Excerpted data START

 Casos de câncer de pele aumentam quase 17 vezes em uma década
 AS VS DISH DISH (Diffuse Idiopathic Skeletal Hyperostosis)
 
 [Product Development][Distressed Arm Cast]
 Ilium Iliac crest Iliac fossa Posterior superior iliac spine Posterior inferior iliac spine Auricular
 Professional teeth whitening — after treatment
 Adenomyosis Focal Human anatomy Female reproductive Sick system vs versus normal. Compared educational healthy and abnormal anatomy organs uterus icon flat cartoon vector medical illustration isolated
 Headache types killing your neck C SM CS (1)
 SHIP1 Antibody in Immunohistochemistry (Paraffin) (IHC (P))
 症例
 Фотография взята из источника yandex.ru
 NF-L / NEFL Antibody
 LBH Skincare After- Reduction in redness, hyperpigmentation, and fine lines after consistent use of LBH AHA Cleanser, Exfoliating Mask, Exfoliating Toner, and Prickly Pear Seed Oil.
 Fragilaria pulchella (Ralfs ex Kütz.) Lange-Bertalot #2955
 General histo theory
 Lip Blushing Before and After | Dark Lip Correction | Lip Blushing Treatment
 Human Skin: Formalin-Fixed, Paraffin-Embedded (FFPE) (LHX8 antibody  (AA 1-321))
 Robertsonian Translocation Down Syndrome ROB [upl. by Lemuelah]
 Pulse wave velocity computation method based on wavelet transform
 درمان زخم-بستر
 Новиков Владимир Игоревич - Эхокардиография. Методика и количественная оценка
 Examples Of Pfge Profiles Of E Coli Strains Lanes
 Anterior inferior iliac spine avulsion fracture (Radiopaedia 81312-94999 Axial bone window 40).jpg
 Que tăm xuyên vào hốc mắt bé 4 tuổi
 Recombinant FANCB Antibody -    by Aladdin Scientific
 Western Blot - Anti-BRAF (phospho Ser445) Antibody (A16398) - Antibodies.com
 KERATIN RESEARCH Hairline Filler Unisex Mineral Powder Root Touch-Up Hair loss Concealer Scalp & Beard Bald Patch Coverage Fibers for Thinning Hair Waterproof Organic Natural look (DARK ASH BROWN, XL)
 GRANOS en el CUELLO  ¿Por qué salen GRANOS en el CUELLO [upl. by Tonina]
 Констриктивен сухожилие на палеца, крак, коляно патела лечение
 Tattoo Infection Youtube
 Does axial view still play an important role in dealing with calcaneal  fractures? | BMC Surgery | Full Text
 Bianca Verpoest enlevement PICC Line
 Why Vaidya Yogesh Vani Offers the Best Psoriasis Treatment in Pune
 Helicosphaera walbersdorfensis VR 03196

Excerpted data END

- **Problem to work on**
Your reply is to repeat, unchanged, the lines above running from the one with "Western Blot - Anti-BRAF" up to and including the one with "Bianca Verpoest enlevement PICC Line".

- **Solved problem**
 Western Blot - Anti-BRAF (phospho Ser445) Antibody (A16398) - Antibodies.com
 KERATIN RESEARCH Hairline Filler Unisex Mineral Powder Root Touch-Up Hair loss Concealer Scalp & Beard Bald Patch Coverage Fibers for Thinning Hair Waterproof Organic Natural look (DARK ASH BROWN, XL)
 GRANOS en el CUELLO  ¿Por qué salen GRANOS en el CUELLO [upl. by Tonina]
 Констриктивен сухожилие на палеца, крак, коляно патела лечение
 Tattoo Infection Youtube
 Does axial view still play an important role in dealing with calcaneal  fractures? | BMC Surgery | Full Text
 Bianca Verpoest enlevement PICC Line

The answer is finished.